What is required → Please repeat each line from the one holding "MATTHEW SWARTS A" through the final line of the data, exactly as it stands, with no pictures.

Data extract: Begin

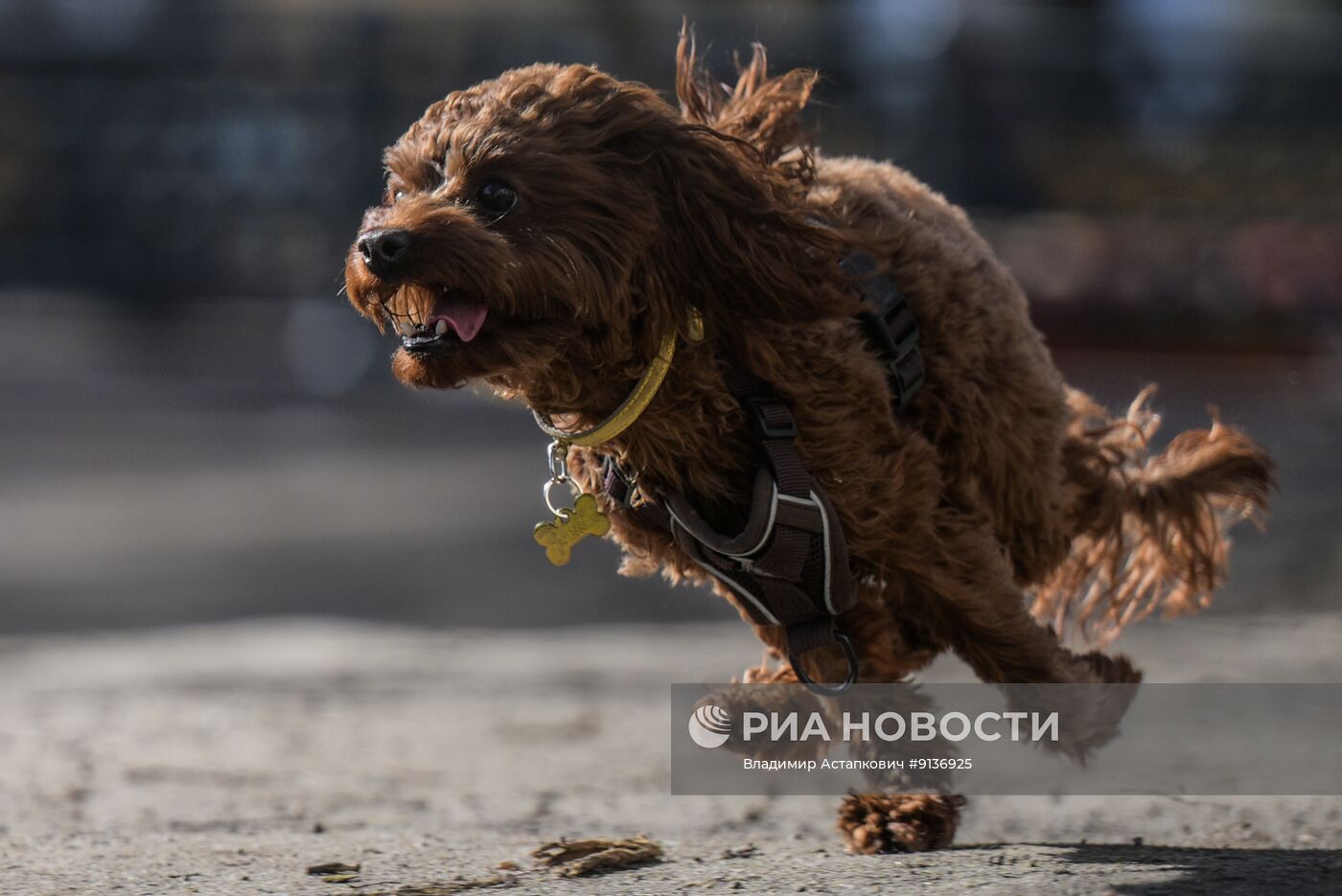 Повседневная жизнь в Москве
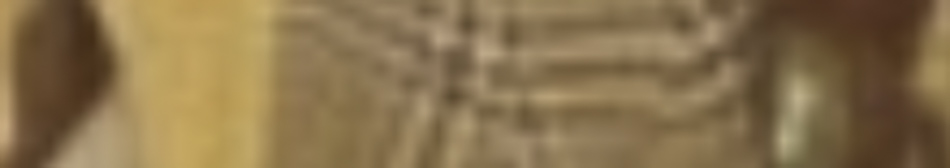MATTHEW SWARTS A blurry, close-up ART photograph by MATTHEW SWARTS captures a light brown or tan object with horizontal lines and a slightly shiny surface, possibly fabric or textured material. Details remain unclear due to the image being out of focus.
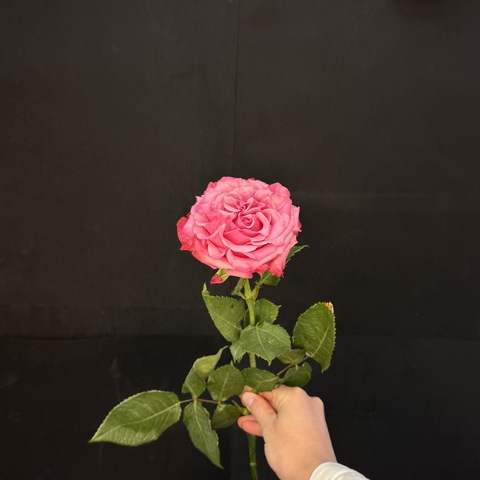 Роза Кантри Блю / 1 шт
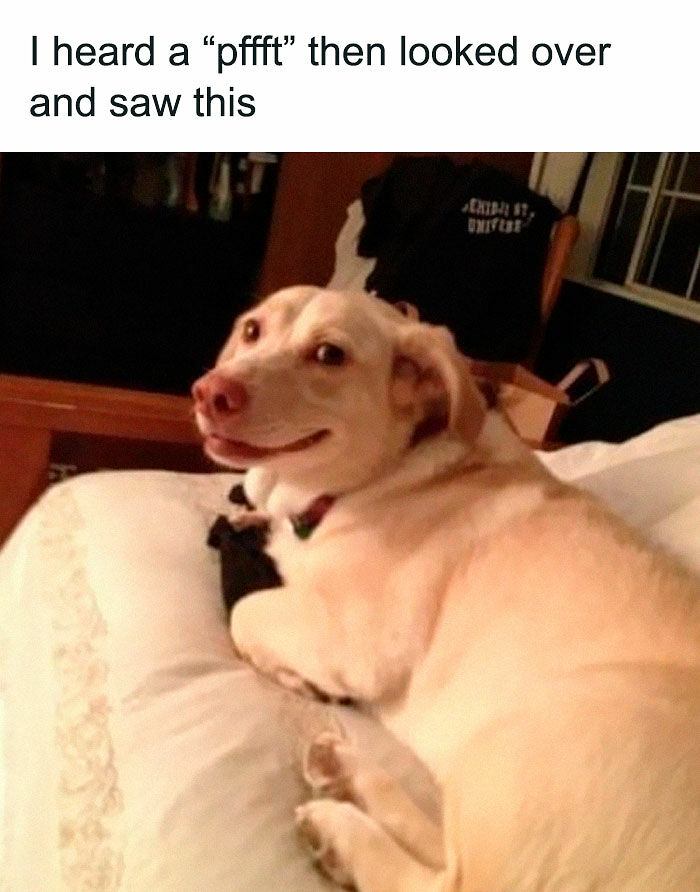 80 Adorable Pet Memes That Might Melt Your Heart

Data extract: End

Completed task →
MATTHEW SWARTS A blurry, close-up ART photograph by MATTHEW SWARTS captures a light brown or tan object with horizontal lines and a slightly shiny surface, possibly fabric or textured material. Details remain unclear due to the image being out of focus.
 Роза Кантри Блю / 1 шт
 80 Adorable Pet Memes That Might Melt Your Heart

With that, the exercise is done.